Major League Baseball is losing viewership. It’s as simple as that. It kills me to even type it. The sport that I care most deeply about is losing people every year. With a heavy heart, I am going to try to explain and give possible solutions.
The average length of a typical nine-inning game sits around three hours. Similarly, the normal NBA and NFL game also lies around three hours in duration. Why is it that MLB seems to be losing more spectators than any other major professional sport?
While the NBA and NFL have lost a small percentage of viewership throughout the past five or so years, the MLB is losing it at a more alarming rate. So, let’s get into why this could be happening.
Younger generations are used to getting everything quicker. Anyone with a smartphone can find out the latest information in about two blinks of an eye. This generation’s attention span is shorter than any other’s. The MLB is unable to keep the attention of viewers anymore. There are less casual fans due to how long the games are.
For the biggest game of the year, the World Series, the MLB has seen an alarming decline in viewers. With over 22 million in 2016, viewership was the highest it had been since the 2004 World Series (over 25 million). But in 2019, viewership had declined to under 14 million, the culmination of a steady decrease throughout recent years.
One thing that I would really like to see is something that I think other sports would benefit from, which is allowing viewers to listen to the in-game conversations of the players.

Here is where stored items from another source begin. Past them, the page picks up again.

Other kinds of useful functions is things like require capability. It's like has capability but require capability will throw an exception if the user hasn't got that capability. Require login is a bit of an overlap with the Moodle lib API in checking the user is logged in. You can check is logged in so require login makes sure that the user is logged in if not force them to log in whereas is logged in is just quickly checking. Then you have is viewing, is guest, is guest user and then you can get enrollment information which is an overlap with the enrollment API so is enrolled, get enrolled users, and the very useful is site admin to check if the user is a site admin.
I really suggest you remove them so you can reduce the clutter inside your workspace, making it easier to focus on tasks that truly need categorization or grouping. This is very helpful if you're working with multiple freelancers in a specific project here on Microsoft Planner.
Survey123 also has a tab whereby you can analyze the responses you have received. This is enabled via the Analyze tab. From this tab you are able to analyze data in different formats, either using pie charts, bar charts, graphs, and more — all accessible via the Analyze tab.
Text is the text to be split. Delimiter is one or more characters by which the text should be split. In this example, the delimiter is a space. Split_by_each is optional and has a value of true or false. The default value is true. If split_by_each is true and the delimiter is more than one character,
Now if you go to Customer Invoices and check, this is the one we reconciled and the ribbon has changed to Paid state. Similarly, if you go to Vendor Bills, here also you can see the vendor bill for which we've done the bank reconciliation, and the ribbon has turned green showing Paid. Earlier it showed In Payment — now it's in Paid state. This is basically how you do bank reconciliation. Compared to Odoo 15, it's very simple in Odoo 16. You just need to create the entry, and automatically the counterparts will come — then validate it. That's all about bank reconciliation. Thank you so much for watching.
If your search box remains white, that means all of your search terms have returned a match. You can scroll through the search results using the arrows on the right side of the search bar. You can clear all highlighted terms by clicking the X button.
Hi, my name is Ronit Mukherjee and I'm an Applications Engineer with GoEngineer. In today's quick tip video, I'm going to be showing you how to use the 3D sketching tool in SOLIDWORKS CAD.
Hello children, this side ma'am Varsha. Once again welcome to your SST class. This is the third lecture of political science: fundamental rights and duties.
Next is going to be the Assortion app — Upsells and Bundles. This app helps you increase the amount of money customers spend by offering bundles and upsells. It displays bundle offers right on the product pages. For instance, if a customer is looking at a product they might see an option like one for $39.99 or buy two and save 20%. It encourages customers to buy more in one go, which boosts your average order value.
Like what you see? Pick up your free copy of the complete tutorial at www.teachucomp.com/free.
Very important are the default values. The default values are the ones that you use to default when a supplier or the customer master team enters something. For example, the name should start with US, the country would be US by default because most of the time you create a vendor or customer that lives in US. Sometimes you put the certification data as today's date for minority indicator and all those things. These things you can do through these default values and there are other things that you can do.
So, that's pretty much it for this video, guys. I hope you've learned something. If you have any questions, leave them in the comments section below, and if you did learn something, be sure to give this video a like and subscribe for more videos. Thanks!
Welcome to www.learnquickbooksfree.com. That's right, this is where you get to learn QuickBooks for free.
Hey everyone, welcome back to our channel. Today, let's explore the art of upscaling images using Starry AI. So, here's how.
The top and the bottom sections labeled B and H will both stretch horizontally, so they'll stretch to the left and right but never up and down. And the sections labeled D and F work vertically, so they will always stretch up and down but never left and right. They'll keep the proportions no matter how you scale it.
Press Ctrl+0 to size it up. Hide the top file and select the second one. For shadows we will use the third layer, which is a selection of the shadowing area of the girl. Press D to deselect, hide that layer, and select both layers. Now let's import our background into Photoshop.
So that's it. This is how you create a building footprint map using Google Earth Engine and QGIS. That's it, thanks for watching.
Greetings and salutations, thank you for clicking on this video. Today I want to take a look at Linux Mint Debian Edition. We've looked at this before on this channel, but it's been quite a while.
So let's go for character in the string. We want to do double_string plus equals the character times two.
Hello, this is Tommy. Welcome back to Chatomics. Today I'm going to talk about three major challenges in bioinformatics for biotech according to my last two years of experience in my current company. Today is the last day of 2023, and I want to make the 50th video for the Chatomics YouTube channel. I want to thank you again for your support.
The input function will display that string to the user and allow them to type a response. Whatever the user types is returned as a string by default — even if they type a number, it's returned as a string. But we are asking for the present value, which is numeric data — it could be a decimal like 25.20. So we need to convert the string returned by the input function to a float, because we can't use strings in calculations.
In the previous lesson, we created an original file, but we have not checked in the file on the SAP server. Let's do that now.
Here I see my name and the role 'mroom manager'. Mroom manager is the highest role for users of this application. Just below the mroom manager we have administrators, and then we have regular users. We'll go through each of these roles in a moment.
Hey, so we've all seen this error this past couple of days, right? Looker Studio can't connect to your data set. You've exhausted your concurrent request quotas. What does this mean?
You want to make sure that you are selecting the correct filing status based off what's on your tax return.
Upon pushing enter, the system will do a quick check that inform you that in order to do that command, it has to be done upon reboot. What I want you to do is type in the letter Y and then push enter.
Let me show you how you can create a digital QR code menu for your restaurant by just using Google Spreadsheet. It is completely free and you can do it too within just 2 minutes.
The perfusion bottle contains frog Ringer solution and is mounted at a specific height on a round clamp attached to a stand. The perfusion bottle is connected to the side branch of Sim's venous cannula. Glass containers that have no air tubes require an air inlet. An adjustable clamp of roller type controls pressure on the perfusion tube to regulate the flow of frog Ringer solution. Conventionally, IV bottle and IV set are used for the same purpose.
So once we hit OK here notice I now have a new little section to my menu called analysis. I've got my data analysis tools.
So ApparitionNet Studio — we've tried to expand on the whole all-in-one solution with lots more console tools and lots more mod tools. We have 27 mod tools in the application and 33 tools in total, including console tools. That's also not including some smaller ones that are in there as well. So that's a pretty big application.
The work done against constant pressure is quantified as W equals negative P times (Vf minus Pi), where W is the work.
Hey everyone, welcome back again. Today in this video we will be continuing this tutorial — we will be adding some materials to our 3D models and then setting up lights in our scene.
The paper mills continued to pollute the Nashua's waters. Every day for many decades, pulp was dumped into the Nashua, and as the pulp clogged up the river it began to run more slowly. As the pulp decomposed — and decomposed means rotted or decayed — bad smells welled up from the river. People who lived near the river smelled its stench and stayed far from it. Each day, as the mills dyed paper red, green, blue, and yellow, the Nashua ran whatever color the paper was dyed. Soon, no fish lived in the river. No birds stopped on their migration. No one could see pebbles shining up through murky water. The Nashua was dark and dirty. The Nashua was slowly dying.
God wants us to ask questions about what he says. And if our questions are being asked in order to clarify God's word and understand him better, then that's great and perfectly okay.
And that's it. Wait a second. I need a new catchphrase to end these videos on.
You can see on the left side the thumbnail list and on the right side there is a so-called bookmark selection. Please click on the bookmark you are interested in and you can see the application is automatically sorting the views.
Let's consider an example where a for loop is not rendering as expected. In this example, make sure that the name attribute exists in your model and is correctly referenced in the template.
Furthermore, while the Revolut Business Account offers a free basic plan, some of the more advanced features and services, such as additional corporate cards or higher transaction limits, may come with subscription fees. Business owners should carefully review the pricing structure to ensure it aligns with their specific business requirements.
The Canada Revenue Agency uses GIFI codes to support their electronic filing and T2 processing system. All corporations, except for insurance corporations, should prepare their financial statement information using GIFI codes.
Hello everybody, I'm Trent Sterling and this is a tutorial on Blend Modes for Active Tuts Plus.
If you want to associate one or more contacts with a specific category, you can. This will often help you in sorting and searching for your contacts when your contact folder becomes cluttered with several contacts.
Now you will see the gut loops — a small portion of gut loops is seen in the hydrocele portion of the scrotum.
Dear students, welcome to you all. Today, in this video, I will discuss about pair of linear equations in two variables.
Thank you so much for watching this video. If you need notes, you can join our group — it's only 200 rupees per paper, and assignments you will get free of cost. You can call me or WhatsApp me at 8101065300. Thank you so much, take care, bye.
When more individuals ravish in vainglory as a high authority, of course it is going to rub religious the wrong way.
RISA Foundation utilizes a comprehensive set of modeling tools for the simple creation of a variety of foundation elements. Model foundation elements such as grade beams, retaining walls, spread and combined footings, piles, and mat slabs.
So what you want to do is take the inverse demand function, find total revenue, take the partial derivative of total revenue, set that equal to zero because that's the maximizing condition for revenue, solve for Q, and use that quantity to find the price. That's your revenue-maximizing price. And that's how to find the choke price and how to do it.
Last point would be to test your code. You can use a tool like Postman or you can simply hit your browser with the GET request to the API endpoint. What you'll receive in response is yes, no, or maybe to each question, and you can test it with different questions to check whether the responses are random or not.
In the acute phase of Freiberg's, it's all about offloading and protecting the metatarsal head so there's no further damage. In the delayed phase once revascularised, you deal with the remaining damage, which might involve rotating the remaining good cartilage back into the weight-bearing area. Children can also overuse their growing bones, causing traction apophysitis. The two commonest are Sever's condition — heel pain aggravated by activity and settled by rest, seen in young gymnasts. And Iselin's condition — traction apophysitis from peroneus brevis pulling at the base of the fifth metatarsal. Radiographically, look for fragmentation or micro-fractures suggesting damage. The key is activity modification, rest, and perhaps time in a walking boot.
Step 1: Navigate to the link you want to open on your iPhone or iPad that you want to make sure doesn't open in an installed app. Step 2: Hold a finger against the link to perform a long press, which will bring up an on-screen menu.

During the past summer, Tiger Woods, Peyton Manning and Phil Mickelson all competed in a charity golf match where they were wired with microphones so you could hear their thoughts before their shot. Adding that feature to baseball would allow listeners to experience more interaction during the game.
There are more obvious possible solutions to the MLB’s decreasing audience such as providing more offense while getting rid of the designated hitter and shortening the game as much as possible. But broadcasting the players’ conversations would provide a spark of interaction that could intrigue the audience enough to tune in.